カハクちゃんのお手伝い。
拙作をお読みいただき、ブックマーク、評価、コメントありがとうございます。えーっと。ROM専詐欺2日目ですが、日間ランキングありがとうございます。すいません。まだマーライオンなのです取り急ぎのUP不完全ですが、感謝の気持ちだけ伝わったらいいなぁと思っています。
のりちゃんが珍しく出張出店している。
最近擬態して大学に通うカハクちゃんから大学祭の助っ人を頼まれたからだ。
あんなに無表情で無反応なカハクちゃんと、友達になれる人がいるなんて僕は驚きでいっぱいだ。
カハクちゃんからお願いされてのりちゃんが考えたスイーツは、たこ焼き器にホットケーキミックスを入れて時間が経ったら3/4のパックマンみたいな形にしてから最後にくるっと丸くする鈴カステラだった。あとは、蜂蜜か、チョコレートをトッピングしておしまい。
ホットケーキミックスを丸くするまでが大変だけど、皆んなヤル気だ。
しかし、無茶振りなカハクちゃんはさて置いて、アラサーなのに、のりちゃんはまだあどけなくて、ルックスだけなら大学生でも通用するくらいだ。僕は心配でしょうがない。のりちゃんの料理の腕じゃなくて、あどけなさを狙って大学祭にのりちゃんを助っ人に呼んだなら、いくらカハクちゃんでも許さない。
「のりちゃん。カステラ焼けたけど、どうしたらいいの?」
「コーキ、それチョコレート沼にぶっこんで。私次のカステラ焼くから。」
なんで、のりちゃんこんなにノリノリで売り上げに貢献しているんだろう。
「ちょっとコーキ。鈴カステラ作らなくていいからレジに常駐して。」
鬼気迫るのりちゃんからの指令で僕は渋々レジ対応をしている。
「ちゃんとお顧客様には笑顔で対応してよね。」
うっわ。のりちゃんのその言葉、僕にはめっちゃ心臓に短剣刺さったわ。
のりちゃん、僕が他の女の子に笑いかけても嫉妬してくれないんだ。……もう、のりちゃん閉じ込めてもいいよね?
僕、散々待ったよね?のりちゃんの心が欲しかったからこれだけ待ったのに、客寄せパンダにするなんてあんまりだ。
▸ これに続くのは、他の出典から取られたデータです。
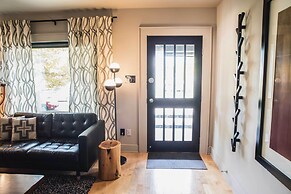 Updated Tacoma Home w/ Patio: 3 Mi to Downtown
僕の心はどんどん真っ黒になり、どうやってのりちゃんを閉じ込めるかシミュレーションしていたら、今年の売上一位がカハクちゃんの所属しているサークルだと発表された。
「コーキやったねぇ〜。」
首に巻きつくのりちゃんに、え!?何が?と聞くと、
「コーキ屋上でで寝転がってみたかったんでしょう?」
……。そりゃ寝転びたかったよ。僕にあからさまに言い寄ってきた女にのりちゃんが果敢に挑んでくれたこの屋上に。僕もう死んでもいいと思ったもん。そうは言ってもまだ無事に生きてるけど。ちゃんと、僕がのりちゃんのモノだって明言してくれたんだもの。あの時の高ぶりが蘇ってきてのりちゃんをぎゅっと抱きしめた。
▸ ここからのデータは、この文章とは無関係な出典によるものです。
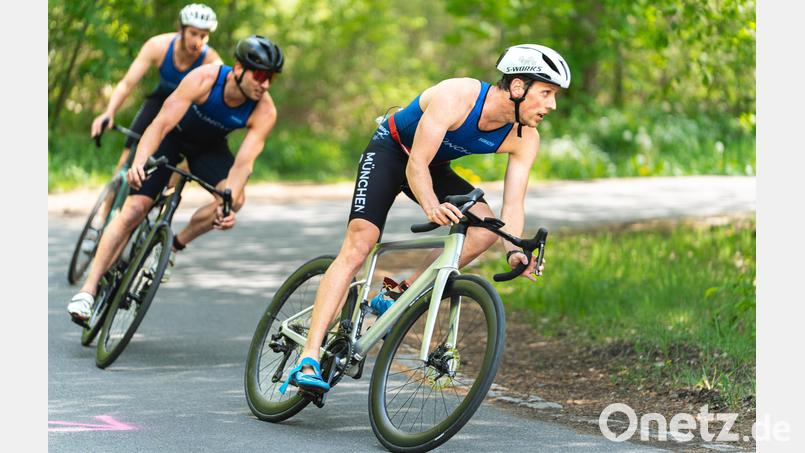 Seit 2009 begeistert der Triathlon Weiden im Schätzlerbad mit sportlicher Vielfalt, vom Rookie bis zum Ligastarter und hat sich zu einer festen Größe mit rund 350 Startern entwickelt. Bild: Hannah Dirscherl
「のりちゃん、さっき僕の事客よせパンダにしたけど、もう僕いらない子?」
「だ~か~ら~。今そばにいるでしょ。何で要らない子なんて思っちゃうの?」
「だってほかの女の子に愛想ふりまけって言ったじゃないか。」
「それはそれ、これはこれなの。なかなか屋上なんて開放してもらえないんだからね。特別だよ。」
ほら寝っ転がってごらんとニコニコするのりちゃんを見ていたら僕のドス黒い心はあっけなく浄化されたわらえながら現金だ。
「ねぇ、コーキ屋上で寝っ転がってみてどんな気分?」
鱗雲が視界いっぱいに広がった秋空を見ながらのりちゃんが膝枕してくれて幸せなわけだけど。
「のりちゃん。僕とても幸せだよ。ありがとう。」
すっと背後から近寄るカハクちゃんが、これ『貸し』だからとささやく。
カハクちゃん恐るべし。
カハクちゃんに何を返さなくちゃいけないか考えるだけで恐ろしいけど、今はただのりちゃんに感謝の気持ちを伝える。
「のりちゃんありがとう。僕とても幸せだよ。」
「よかったぁ~。コーキの願いが叶えられて。」
僕は、耐えきれなくてのりちゃんの腰に抱き着いた。
苦しいよぅとクレームを言うのりちゃんに、ごめんごめんと言いながら更にぎゅうぎゅうに抱きしめた。
のりちゃん未来永劫愛してる。
だから、ずっと、ずーっと僕の隣に居てね。